Could you put the Bloc seats in another colour? You used to have them in turquoise, or does that not work well with higher opacity you’re using now?
You have a couple of mistakes on the screenshots of Toronto and Montreal. In each the Liberals should have one extra seat. In Toronto I believe the seat you have wrong is York West. In Montreal it appears to be Westmount-Ville-Marie.
I checked the map file against the seat totals for each province, and there’s one more error I’ve found in Nova Scotia. Halifax West should be Liberal not NDP. Otherwise everything else looks right.
An average analysis. The NDP surge in Quebec will wither and die when it is realised that the NDP will never be able to form a majority Government and give the Quebecois what they want. The NDP can never win enough seats in the Western provinces to win majority government.
The big mistake many analysts is trying to work out what would have happened if AV had been in place instead of FPTP. If voters had been given the chance in Canada to give preferences, and the parties had distributed preferences, I suspect that 60% of the Liberal vote and half of the Bloc vote would have gone to the Tories. What you have to remeber is that the Liberals in Canada are like the Liberals in Britain and Australia in the 19th and 20th centuries, a party with a strange mix of right wing toffs and left wing loonies. Ths is a terrible mish-mash that for some reason has survived in Canada whwn it has failed everywhere else. it is now dead. And like in Britain between the Wars we will see the Liberal vote split between the Tories and the NDP. The Tories will get the bigger share because they are far more mainstream. The NDP has a lot of loony left policies. This means it has reached its ceiling with this election, unless it becomes more moderate.

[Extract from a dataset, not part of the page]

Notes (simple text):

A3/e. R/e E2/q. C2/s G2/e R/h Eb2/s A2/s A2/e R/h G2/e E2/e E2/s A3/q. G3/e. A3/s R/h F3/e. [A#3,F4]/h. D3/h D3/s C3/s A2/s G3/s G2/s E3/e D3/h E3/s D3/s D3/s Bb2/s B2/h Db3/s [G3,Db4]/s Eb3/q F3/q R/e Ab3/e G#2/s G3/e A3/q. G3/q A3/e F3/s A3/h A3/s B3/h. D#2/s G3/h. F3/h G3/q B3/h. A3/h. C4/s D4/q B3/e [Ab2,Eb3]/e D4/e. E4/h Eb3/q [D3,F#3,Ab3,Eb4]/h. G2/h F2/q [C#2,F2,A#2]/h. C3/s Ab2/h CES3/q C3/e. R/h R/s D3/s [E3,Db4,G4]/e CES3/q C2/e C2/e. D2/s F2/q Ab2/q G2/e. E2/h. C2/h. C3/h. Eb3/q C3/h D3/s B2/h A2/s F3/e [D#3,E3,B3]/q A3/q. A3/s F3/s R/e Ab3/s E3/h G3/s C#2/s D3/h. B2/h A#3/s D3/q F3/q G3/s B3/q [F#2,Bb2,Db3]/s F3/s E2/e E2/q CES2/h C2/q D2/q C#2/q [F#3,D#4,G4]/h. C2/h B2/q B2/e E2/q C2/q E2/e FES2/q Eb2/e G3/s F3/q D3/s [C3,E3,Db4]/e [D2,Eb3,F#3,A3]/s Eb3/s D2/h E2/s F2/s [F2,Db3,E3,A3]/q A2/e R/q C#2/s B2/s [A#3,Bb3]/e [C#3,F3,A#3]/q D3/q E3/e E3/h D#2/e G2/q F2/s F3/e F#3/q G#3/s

The other difficulty in doing the AV would be to allow for regional differences the impact would have differed between regions – AV in Quebec would not have helped the Tories at all as the competition was between the Bloc, the Liberals and the NDP.
In Ontario there were a lot seats at stake – you would have to look at the order of finishing of the Tories, Liberals and NDP – an AV may have had the result of Liberals retaining seats that went to the Tories on the basis of NDP preferences.

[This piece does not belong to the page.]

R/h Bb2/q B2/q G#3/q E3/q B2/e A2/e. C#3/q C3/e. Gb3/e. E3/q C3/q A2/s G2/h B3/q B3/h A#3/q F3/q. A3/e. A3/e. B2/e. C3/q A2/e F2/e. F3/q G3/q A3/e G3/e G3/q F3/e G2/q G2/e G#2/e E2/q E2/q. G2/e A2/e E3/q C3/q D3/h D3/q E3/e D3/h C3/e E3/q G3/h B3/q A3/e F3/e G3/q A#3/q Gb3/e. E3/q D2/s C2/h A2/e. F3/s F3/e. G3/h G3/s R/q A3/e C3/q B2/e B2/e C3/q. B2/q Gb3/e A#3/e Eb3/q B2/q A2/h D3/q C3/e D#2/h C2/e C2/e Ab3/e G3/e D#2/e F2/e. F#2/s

In Ontario the Liberals were running third, so their prefernces would have been the key. I suspect that 60% of them would have gone to the Tories, as the NDP are seen as loony lefties by many economically conservative Liberal voters according to the Globe and Mail.

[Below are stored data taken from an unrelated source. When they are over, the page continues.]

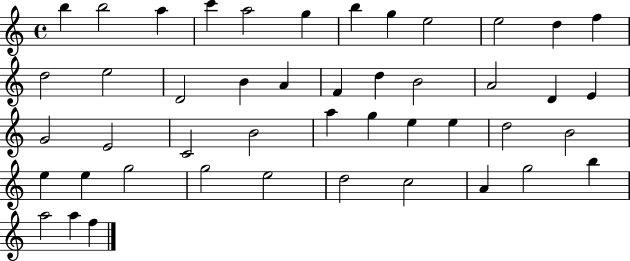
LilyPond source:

{
  \clef treble
  \time 4/4
  \defaultTimeSignature
  \key c \major
  b''4 b''2 a''4 | c'''4 a''2 g''4 | b''4 g''4 e''2 | e''2 d''4 f''4 | \break d''2 e''2 | d'2 b'4 a'4 | f'4 d''4 b'2 | a'2 d'4 e'4 | \break g'2 e'2 | c'2 b'2 | a''4 g''4 e''4 e''4 | d''2 b'2 | \break e''4 e''4 g''2 | g''2 e''2 | d''2 c''2 | a'4 g''2 b''4 | \break a''2 a''4 f''4 | \bar "|."
}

Peter the Lawyer is correct – the Canadian liberal party at its peak was a very broad church of small l liberals, and social democrats that historically sat on the centre-left of Canadian politics.
Now it’s caught in the middle, with some of its more right wing voters going to the tories, and some of the more left wing voters going to the NDP. It’s now stuck as an ill-defined “centrist” party, that looks like it’s standing for nothing. No wonder it came third.
I disagree with the predictions made in this post. This is the NDPs highwater mark. It will be fairly easy for the conservatives to run a negative campaign against the NDPs more extreme policies and describe the Left as a chaotic circus, which if you read your post it is. At the next election the Liberals will fight back and the seat numbers will be reversed, but this will mean another vote split that will allow the conservatives to win. Maybe the election after that?